Letzte Woche habe ich mit Marie und Simon zusammengesessen und die beiden haben Geschichten aus Janis Leben an diesen Orten erzählt. 

Janis erster Ort war der Harz, Clausthal Zellerfeld. Im Harz war Jani -  das heißt eigentlich Juliane, aber ihre große Schwester Birgit hatte Schwierigkeiten mit der Aussprache des Namens, und so blieb es bei Jani – dort war Jani draußen, dort war sie Kind, ein glückliches Natur – und Dorfkind.  

Als Kinder in Clausthal schockierten Birgit und Jani gerne die Kollegen ihres Vaters indem sie die zuvor mit Kreide bemalte Straße auf dem Boden liegend mit ihrer Zunge ableckten.

Über 40 Jahre später, 1998, waren einige der noch lebenden Kollegen ihres Vaters abermals geschockt,als nämlich Jani, das kleine Mädchen, das gerade noch Kreide von der Straße geleckt hatte,  ein Buch veröffentlichte: „Sprengstoff im Harz- Zur Normalität des Verbrechens: Zwangsarbeit in Clausthal-Zellerfeld “ 

Zuvor war Jani nach Clausthal gereist und hatte ehemalige Kolleginnen und Kollegen ihres Vaters interviewt. 

Als sie 10 war ist sie dann mit den Eltern und Birgit nach Bad Homburg gezogen – neuer Ort. Aber sie wollte nicht weg aus dem Harz. Bad Homburg war dann auch gar nicht so Janis Welt, viel zu bürgerlich! Sie haben das beste draus gemacht, Jani und Birgit.  Wenn sie mit dem Hund gingen, sind sie heimlich ins Café Molitor, um dort mit den „älteren Herren“ zu tanzen.

In die Bad Homburg-Zeit fallen auch die Urlaube in den Höhlen in Spanien, El Pedo, wo Janis Eltern, die Wissenschaftler waren, die Höhlenmalereien erforschten.

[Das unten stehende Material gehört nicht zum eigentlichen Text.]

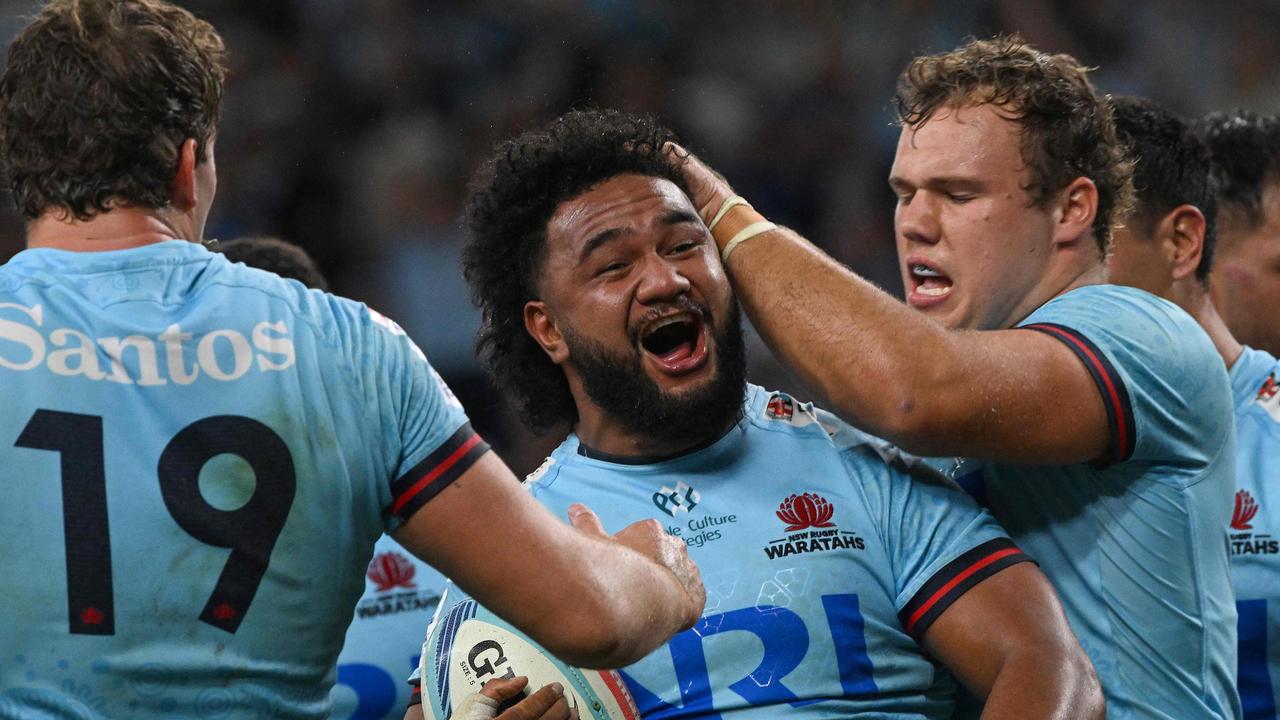 Mahe Vailanu celebrating a try during before his knee injury.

Jani war immer sehr beeindruckt von all den unbekannten spanischen Köstlichkeiten, das Gegenteil der 50er Jahre-Küche in Deutschland, und von den spanischen Mädchen mit ihren weißen Kleidern und Schürzen direkt aus dem 19. Jahrhundert, zu bewundern im großen Speisesaals des Hotels in dem sie wohnten.

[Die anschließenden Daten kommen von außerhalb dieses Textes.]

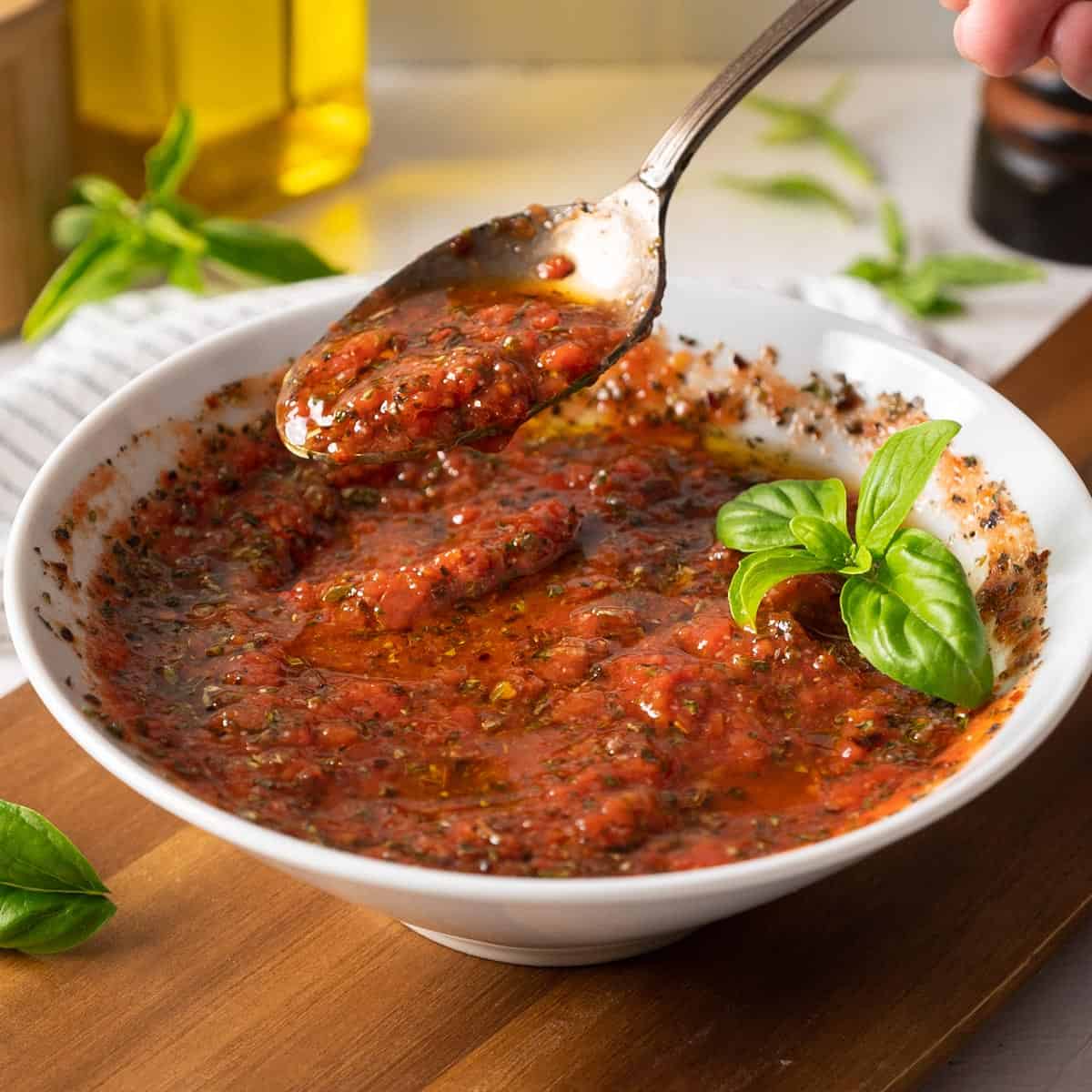 2-Minute No Cook Pizza Sauce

Nachts haben die Eltern sich auf den Toiletten auf dem Korridor des Hotels eingesperrt, um ihre Fotos zu entwickeln- wie sie selbst schreibt „über Stunden und in stoischer Ruhe“. Vor der Toilettentür bildeten sich lange Schlangen, aber sie blieb verschlossen... Jani war das etwas unangenehm- aber sie hat später gesagt, dass sie die Begeisterung und Unbeirrbarkeit der Eltern in diesen Forscherurlauben erlernt hat.  

Auch Birgit und Jani mussten manchmal lange vor der Höhle warten.

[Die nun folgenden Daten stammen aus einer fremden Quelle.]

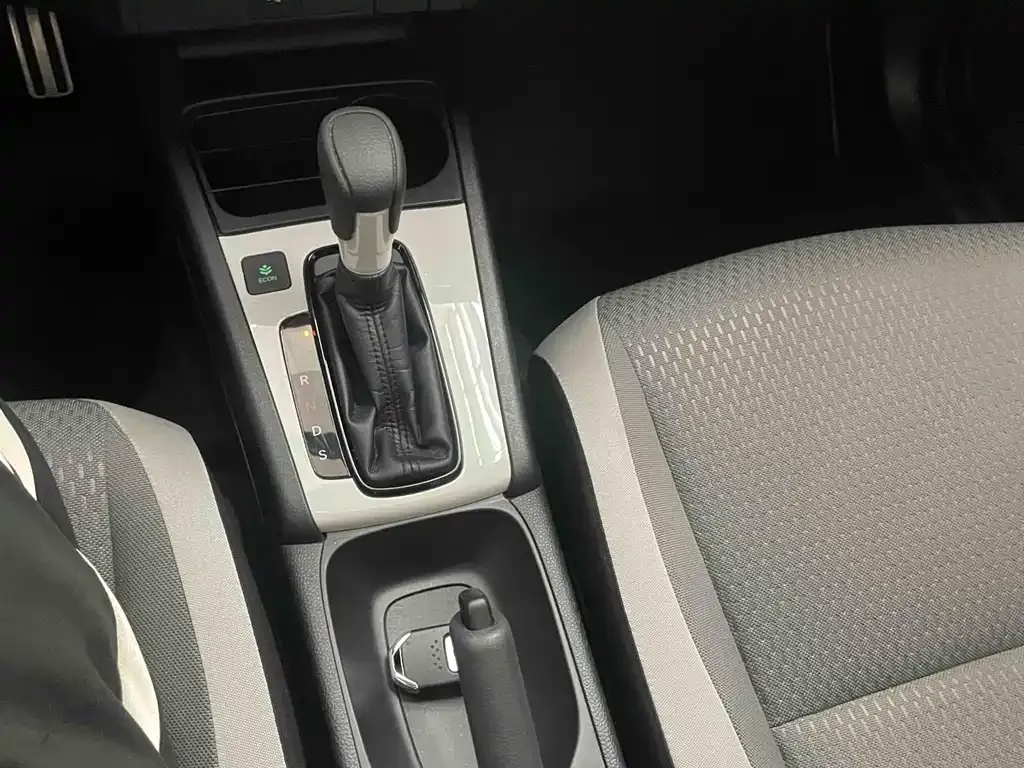 Honda Fit — фото 10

An einem besonders heißen Tag trinken Birgit, Jani und Maria Esther, eine spanische Spielgefährtin, zunächst alle Wasservorräte aus und schließlich   der Durst lässt ihnen keine Wahl – muss das einzig noch verfügbare Getränk dran glauben: Rotwein!

Keine besonders gute Idee.

Die Nachricht über den ungewöhnlichen Zustand ihrer Kinder erreicht die Eltern über ein anderes deutsches Forscherpaar, dass den langen Weg zu ihnen in die Höhle gekrochen kommt und  verkündet: „Ihre Kinder wälzen sich betrunken im Staub!“. 

Ein sehr wichtiger Ort in ihrem ganzen Leben war für Jani New York, wo Janis Patenonkel Dimi lebte. Ich würde hier gerne kurz vorlesen, was Jani über Dimi geschrieben hat, denn daraus wird klar, dass sie in Dimi so etwas wie ihren Seelenverwandten gesehen hat. Das Zitat trifft nämlich genauso auf sie selbst zu!  

„As my beloved godfather you stuck with me through peaks and valleys, with your unconditional love for life, your unique sincerity, with your breakneck speed and work ethos. I´ve never met a person as generous and courageous as you.“

Jani ist zum ersten Mal mit 20 nach N.Y. gereist. Schon die Umstände der Reise erzählen viel über sie. Sie hatte nämlich große Angst vor dem langen Flug nach Übersee, wollte aber trotzdem hin. Was tun?

 Kurzerhand buchte sie eine Schiffspassage von Bremerhaven nach New York. 7 Tage auf hoher See, Einfahrt im den Hafen, Blick auf die Freiheitsstatue inklusive. 

Zurück ging es dann doch mit dem Flugzeug. „Dann hab´ich es ja gesehen, dann macht es nichts mehr, wenn ich abstürze.“

Ganz unvorbereitet wollte sie allerdings nicht in den Flieger steigen. In Deutschland wurde probehalber ein Inlandsflug gebucht.

Jani reist noch oft nach New York um ihren Patenonkel zu besuchen. Im Gepäck, als Schmuggelware, immer einen geräucherten Aal von Rogacki aus der Wilmersdorfer Straße, bei dessen Anblick Dimi jedesmal vor Begeisterung aufschreit."

(Auszug aus der Trauerrede zu Janis Verabschiedung im August 2020 von Oliver Dupont).